(Beginning of DATA SECTION)

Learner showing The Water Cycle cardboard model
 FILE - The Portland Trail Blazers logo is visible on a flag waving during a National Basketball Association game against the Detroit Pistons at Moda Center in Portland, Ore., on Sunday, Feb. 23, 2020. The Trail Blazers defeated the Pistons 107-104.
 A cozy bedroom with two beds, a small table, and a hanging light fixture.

(End of DATA SECTION)

Copy the lines from the one with "FILE - The Portland" through the last line of the material above, exactly as they are and with no others.

* _OUTPUT FOR THIS EXERCISE_:
 FILE - The Portland Trail Blazers logo is visible on a flag waving during a National Basketball Association game against the Detroit Pistons at Moda Center in Portland, Ore., on Sunday, Feb. 23, 2020. The Trail Blazers defeated the Pistons 107-104.
 A cozy bedroom with two beds, a small table, and a hanging light fixture.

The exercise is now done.